Conflict and context

Daily Prompt – Showdown at Big Sky: How do you handle conflict? Boldly and directly? Or, do you prefer a more subtle approach.

I can’t give a single answer to this as, it all honesty, it depends. My first distinction is between physical conflict and verbal conflict. I have never been comfortable with physical violence and if I find myself in such situations I would attempt to defuse it and if that fails run! Fortunately in my work I have rarely been attacked physically and feel lucky to have escaped that conundrum.

My work however has brought me into verbal conflict on many occasions. This can be a discussion between friends, can be an argument over principles, can be a debate in a lecture theatre. In my own mind I make a distinction between what I believe and will argue and my attitude towards the person expressing opposing views. I will often argue in a very committed way and sometimes this will be experienced as forceful and even aggressive. Though this is not my intention I do believe passionately in my work and want to seek the best possible solutions in debate.

From time to time colleagues have felt personally attacked when in debate with me. This always comes as a shock to me as that was never my intention and indeed my feelings about individuals, with one or two notable exceptions, are usually divorced from what they believe. The tone of the debate will vary. If I’m working with students to help them think through new ideas then I will facilitate debate and discussion and stay to one side offering my views when asked or correcting obvious errors. However if I’m at a conference or event where my viewpoint is being questioned and I believe I have a view worth articulating I will argue that strongly, I hope with the backing not just of good argument but evidence too.

I have spent most of the last year feeling angry about the tone of debate conducted by government on matters relating to the probation service. Despite a huge evidence base supporting the quality of the work of the public sector probation service it is being dismantled on ideological dogma rather than carefully developed opposing arguments. After a lifetime of work in this area it is difficult to remain evenhanded when the quality of discussion is so transparently lacking. The quality of debate on TV and radio has often fallen below what I think should be experienced on such an important matter. I just feel angry about what is happening and so very sad for the many probation officers whose careers are falling down around them.

For me therefore my reaction to conflict is entirely dependant on context.
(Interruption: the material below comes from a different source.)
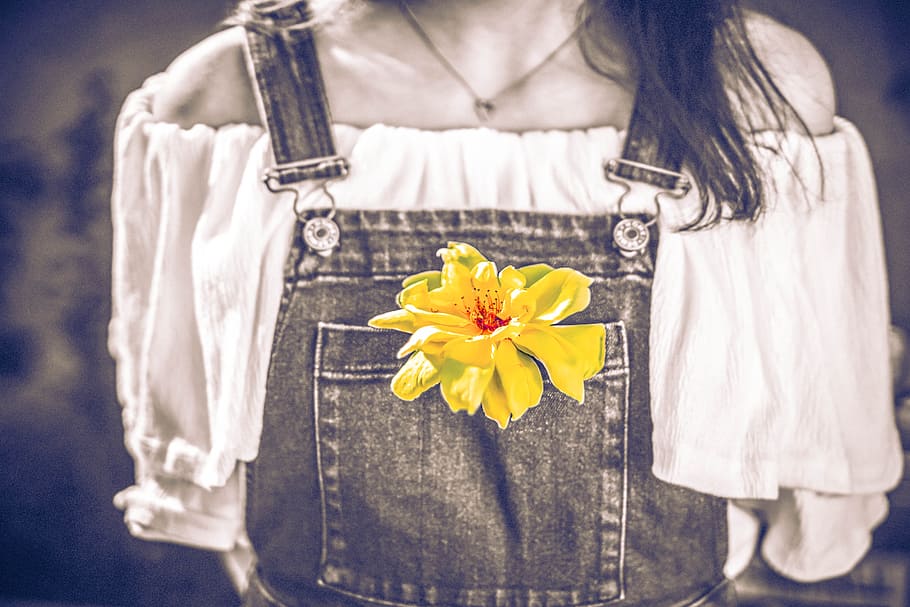 selective color photo of yellow petaled flower on person's romper, HD wallpaper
Though in principle opposed to violent or aggressive responses I will argue firmly in a committed manner when I believe passionately in the principle under debate. Often though my work is seeking to find a resolution of conflict, resolving opposing ideas, and therefore it remains important to present balanced argument, to listen to the views of others and to seek resolution of difference and a way forward. These are lofty aspirations and I no doubt fall short of them on many occasions but that remains my overarching goal.